Teams can test a minimal version of that approach without buying a new platform. First, create prompt templates for security-sensitive work. An endpoint-generation template should ask for the authentication source, authorization rule, input validation, rate limit, audit log, and PII handling. Second, split AI-generated diff review into two questions: does the feature work, and did the implementation satisfy the security requirements from the start? Third, require the agent or assistant to run one explicit security query after making changes. These steps are basic, but they move security from an optional reviewer instinct into a repeated workflow control.

The study has limits. The sample size was 15 interviews and 14 observed coding sessions. The work happened in a research environment with Gemini CLI and Gemini 2.5 Pro inside a self-hosted VS Code server. Real company repositories, team review, CI failures, deployment deadlines, customer data, and long-running tasks could change behavior. One participant, P6, said the research-task result felt acceptable in the study but would not have been acceptable at work. The paper should be read as a warning signal rather than a universal law.

Even with those limits, 0 out of 14 is hard to ignore. The paper does not say AI coding tools erase security knowledge. It says they can move the moment when that knowledge is used. That interpretation matches the product direction around coding agents. Vendors are adding code review, sandboxing, automation controls, billing controls, and security integrations because generated-code governance is becoming a product category. The SOUPS 2026 paper explains the human side of that category: when the first prompt only describes the feature, the agent loop optimizes around the feature.

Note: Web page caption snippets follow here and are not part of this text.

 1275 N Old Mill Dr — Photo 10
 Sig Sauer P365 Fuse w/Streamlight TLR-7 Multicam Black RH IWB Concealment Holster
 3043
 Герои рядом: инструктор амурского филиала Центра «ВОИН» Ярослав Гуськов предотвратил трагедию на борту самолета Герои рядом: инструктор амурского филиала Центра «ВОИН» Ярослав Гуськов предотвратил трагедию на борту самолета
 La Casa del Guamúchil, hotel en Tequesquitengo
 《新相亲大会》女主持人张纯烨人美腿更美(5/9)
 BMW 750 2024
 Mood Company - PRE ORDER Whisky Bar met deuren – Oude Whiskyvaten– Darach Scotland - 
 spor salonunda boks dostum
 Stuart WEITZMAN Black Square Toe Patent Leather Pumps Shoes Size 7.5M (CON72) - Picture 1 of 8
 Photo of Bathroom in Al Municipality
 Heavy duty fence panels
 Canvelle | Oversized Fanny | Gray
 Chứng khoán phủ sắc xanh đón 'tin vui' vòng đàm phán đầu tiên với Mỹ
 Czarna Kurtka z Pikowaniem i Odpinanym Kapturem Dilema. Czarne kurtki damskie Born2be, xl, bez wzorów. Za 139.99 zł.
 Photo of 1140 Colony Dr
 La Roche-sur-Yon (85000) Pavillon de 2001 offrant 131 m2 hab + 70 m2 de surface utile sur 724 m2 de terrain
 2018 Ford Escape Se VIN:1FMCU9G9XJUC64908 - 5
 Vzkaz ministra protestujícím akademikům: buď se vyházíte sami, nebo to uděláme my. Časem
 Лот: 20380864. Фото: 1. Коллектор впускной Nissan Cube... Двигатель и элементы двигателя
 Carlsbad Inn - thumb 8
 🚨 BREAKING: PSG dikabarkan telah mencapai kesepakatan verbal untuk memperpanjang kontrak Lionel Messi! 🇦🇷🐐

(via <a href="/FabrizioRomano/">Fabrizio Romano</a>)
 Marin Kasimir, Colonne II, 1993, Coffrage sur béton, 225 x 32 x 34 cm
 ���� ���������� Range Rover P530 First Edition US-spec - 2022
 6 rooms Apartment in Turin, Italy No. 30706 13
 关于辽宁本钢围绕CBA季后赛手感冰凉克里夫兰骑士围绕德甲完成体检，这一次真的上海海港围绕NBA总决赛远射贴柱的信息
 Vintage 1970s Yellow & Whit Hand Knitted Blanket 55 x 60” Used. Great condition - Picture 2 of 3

A better AI coding assistant will need a stricter standard than "it has a security review button." When a developer asks for an endpoint, the assistant should ask who may change the resource. When the developer asks for file upload, the assistant should raise race conditions, path traversal, MIME validation, and storage permissions. When the developer asks for an OAuth callback, the assistant should require redirect URI validation and state handling. Security cannot remain a final /security-review command. For teams handing code to agents, review-only security is already one step late.